When America entered the war, we were very insistent that something must be done to block the North Sea, and we proposed that a barrage of anchored mines be stretched across the sea and that these mines be set at different levels so as to make a "wall" that submarines could not dive under. This would do away with all the drawbacks of a net. Ocean currents and masses of seaweed could not affect individual mines as they would a net. Furthermore, an American inventor had devised a new type of mine which was peculiarly adapted to the proposed mine barrage. It had a firing-mechanism that was very sensitive and the mine had twice the reach of any other.

At length the British mine-laying forces were prevailed upon to join with us in laying this enormous mine. It was one of the biggest and most successful undertakings of the war. It was to be two hundred and thirty miles long and twelve miles wide on the average, reaching from the rocky shores of the Orkney Islands to Norway. There was plenty of deep water close to the coast of Norway and it was against international law to lay mines within three miles of the shores of a neutral nation, so that the U-boats might have had a clear passage around the end of the barrage. But as it was also against the law for the U-boats to sail through neutral waters, Norway laid a mine-field off its coast to enforce neutrality, and this was to join with that which the British and we were to lay. Most of the mine-laying was to be done by the United States and we were to furnish the mines.

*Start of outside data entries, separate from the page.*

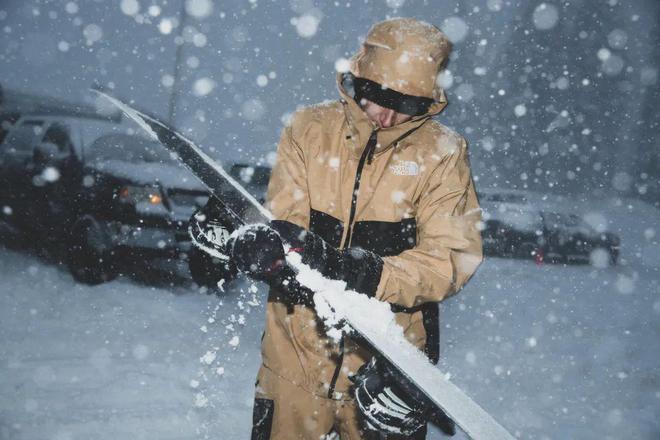 OB视讯能爬雪山能撑场子这个冬天北面校服又又又赢麻了？(图6)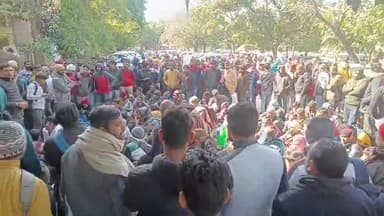 पंचकूला: हरियाणा कर्मचारी चयन आयोग कार्यालय के बाहर ग्रुप-सी के उम्मीदवारों द्वारा रिजल्ट रिवाइज करने की मांग को लेकर प्रदर्शन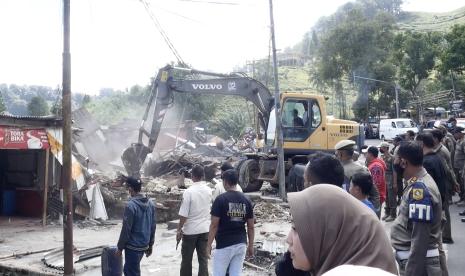 Petugas gabungan membongkar 331 warung kaki lima dan bangunan liar di sepanjang jalan raya Puncak. Namun, masih ada bangunan yang ditunda karena ada bangunan yang ada rumah tinggalnya.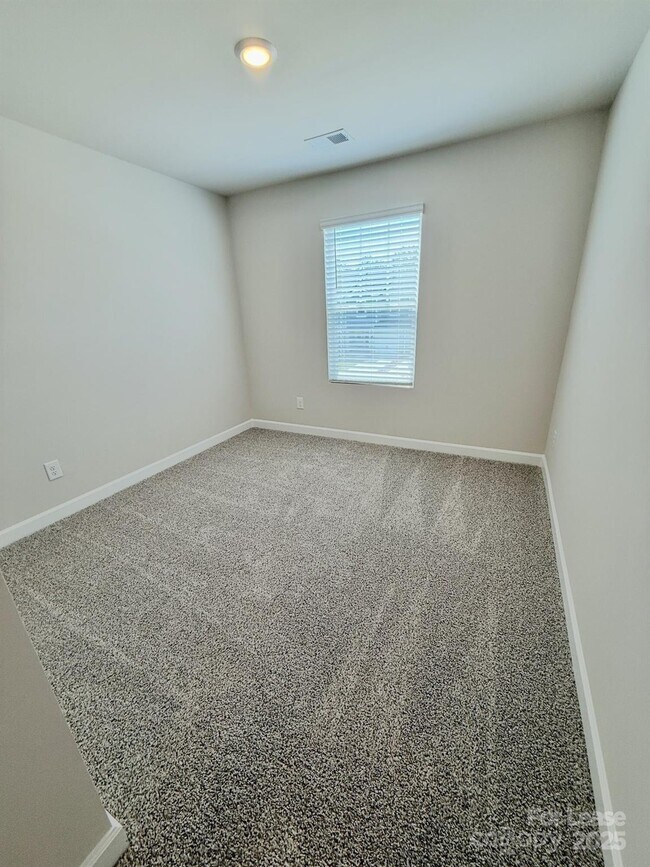 Building Photo - 1719 Braemar Vlg Dr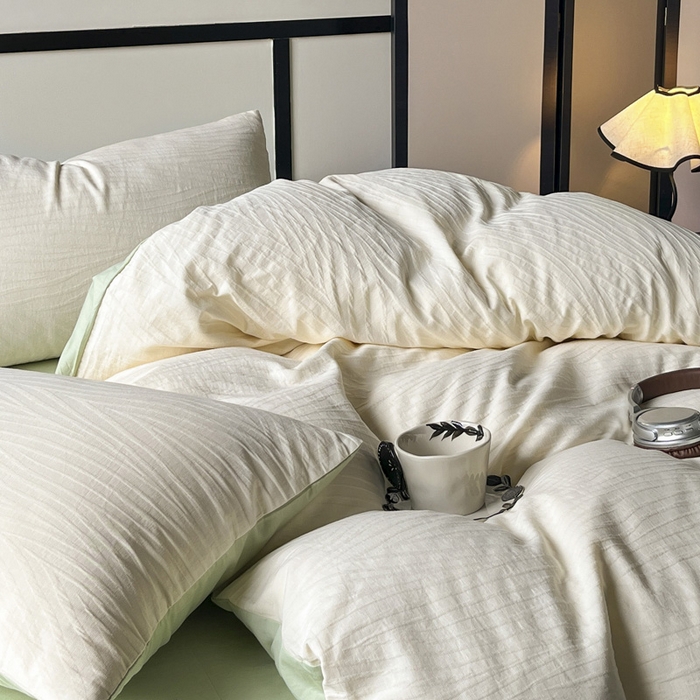 91家纺网 家纺一手货源 找家纺 雅居纺家纺 2024新款100%全棉三层纱提花四件套 波浪条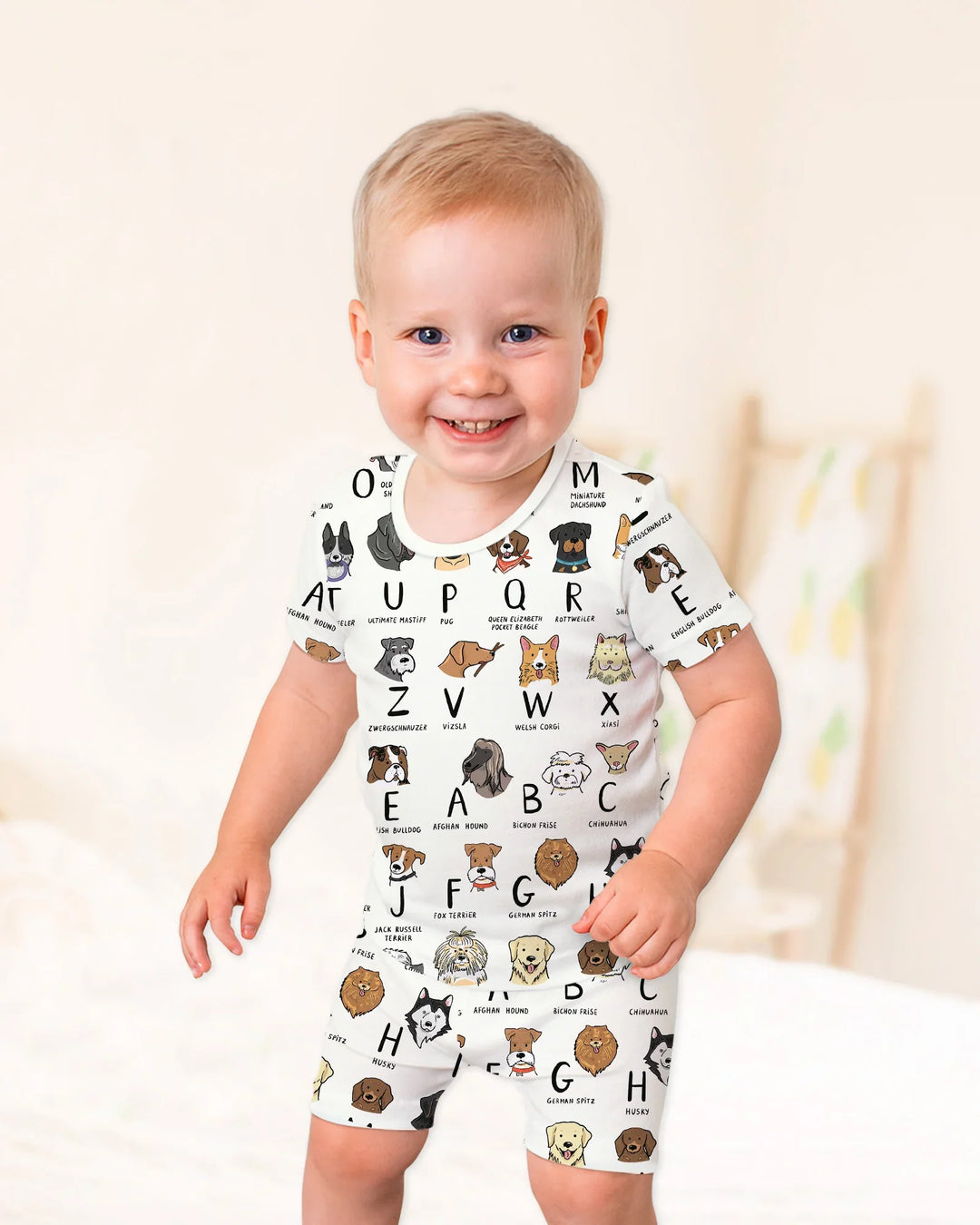 Template Zweiteiliges Pyjama-Set mit kurzen Ärmeln und Shorts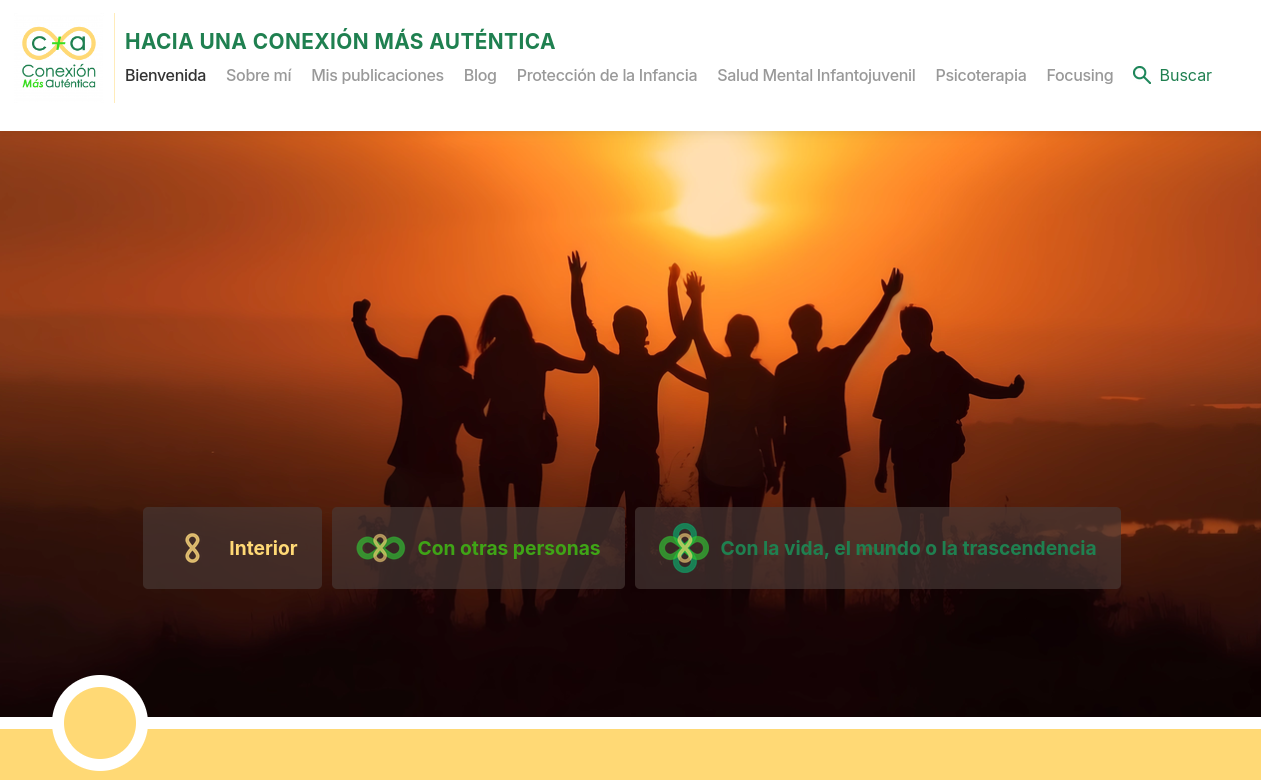 Portada de la página web “Conexión Más Auténtica” en octubre de 2026, con una banda superior con el logotipo a la izquierda y el menú en el resto de la banda, la fotografía principal con un grupo de adolescentes delante de un sol anaranjado, con las tres conexiones indicadas en botones, la conexión interior, la conexión con otras personas y la conexión con la vida, el mundo y la trascendencia, captura de la pantalla principal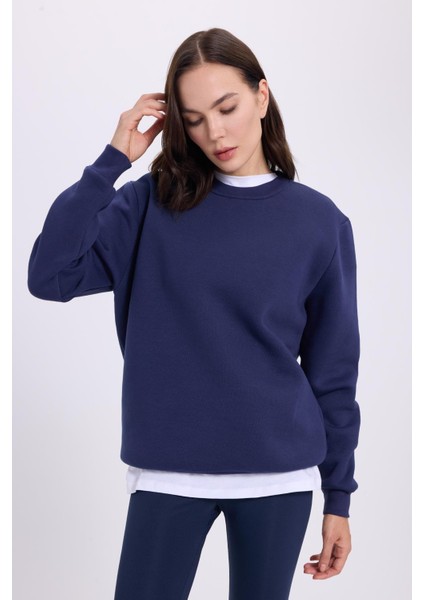 Kadın Oversize Geniş Kesim Pamuklu Yumuşak Dokulu Içi Polarlı Basic Lacivert Bisiklet Yaka Sweatshirt fiyatları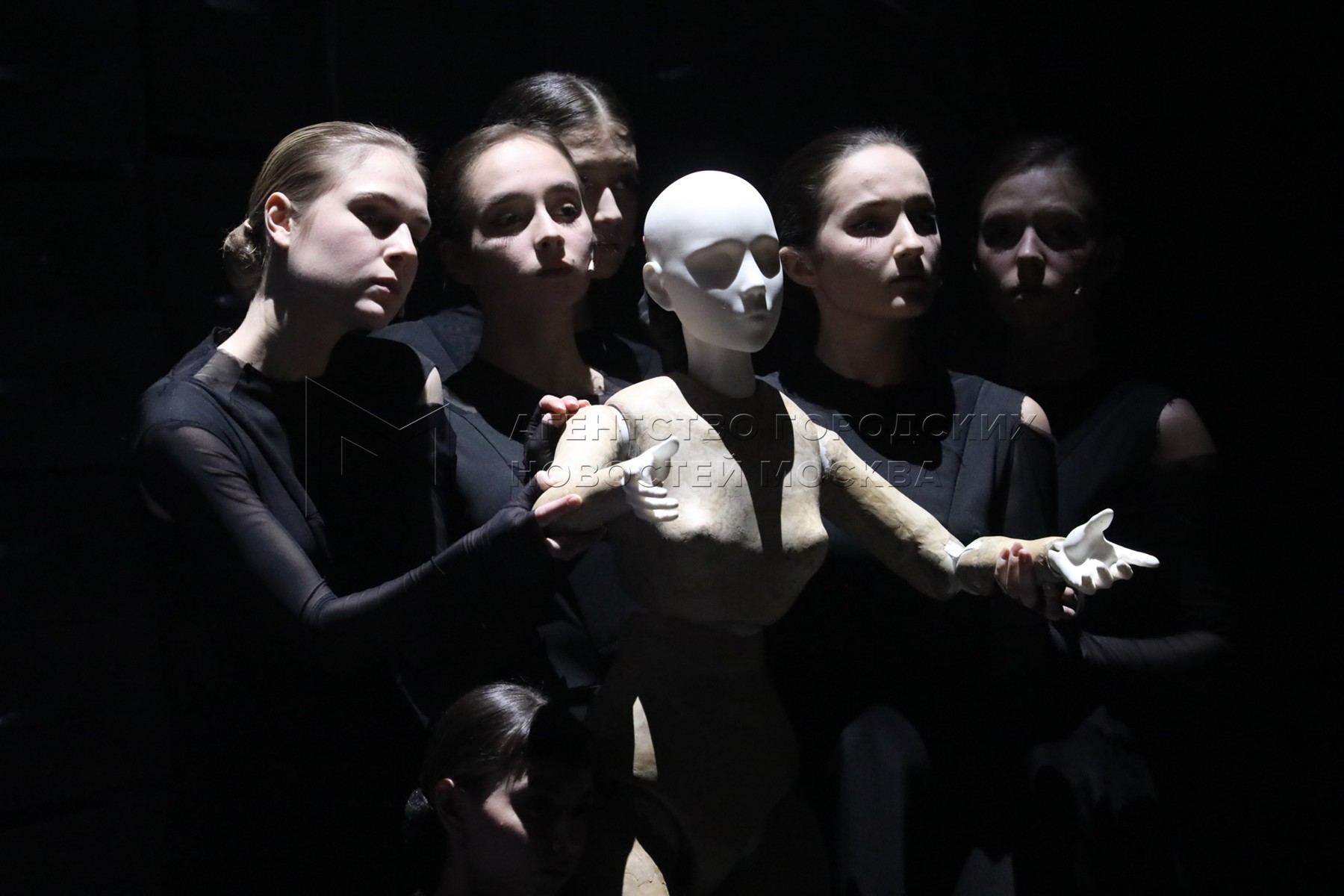 Иммерсивный театр казань. Иммерсивный театр sleep no more. Иммерсивный спектакль вернувшиеся. Театр погружение. Иммерсивный спектакль.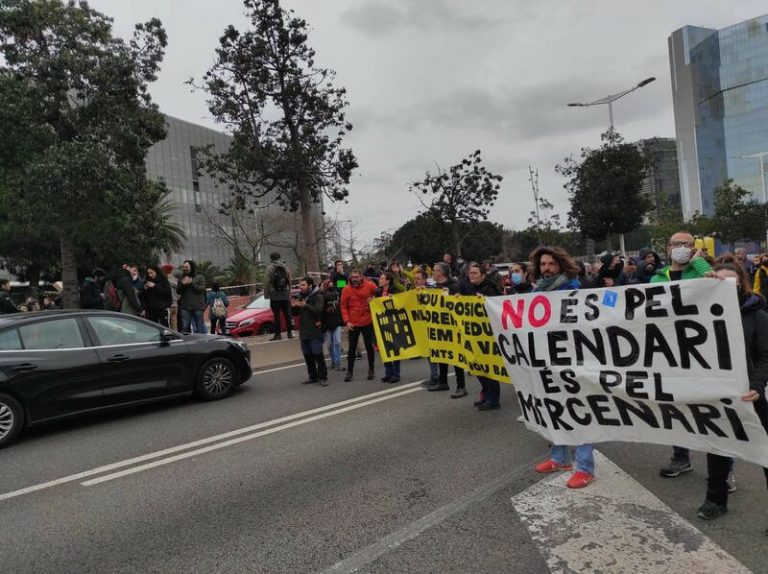 Un centenar de manifestantes corta la Ronda Litoral de Barcelona por la huelga educativa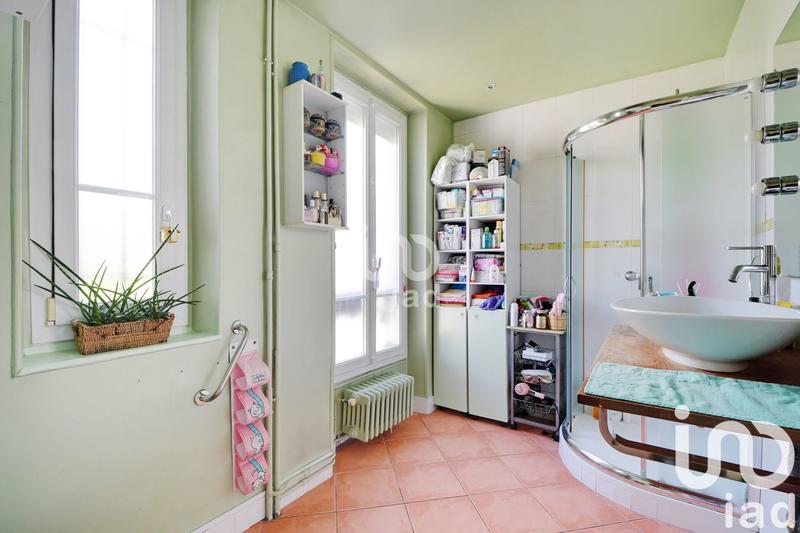 Maison - 200 m² - 8 pièces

The order to proceed with the work was given in October, 1917, and it was a big order. A hundred thousand mines were to be made and to preserve secrecy, as well as to hurry the work as much as possible, it was divided among five hundred contractors and subcontractors. The parts were put together in one plant and then sent to another, where each mine was filled with three hundred pounds of molten TNT. To carry them across the ocean small steamers were used, so that if one should be blown up by a submarine the loss of mines would not be very great. There were twenty-four of these steamers, each carrying from twelve hundred to eighteen hundred mines and only one of them was destroyed by a submarine. The steamers delivered their loads on the west coast of Scotland and the mines were taken across to the east coast by rail and motor canal-boats. Here the mines were finally assembled, ready for planting. Seventy thousand mines were planted, four fifths of them by American mine-layers and the rest by the British.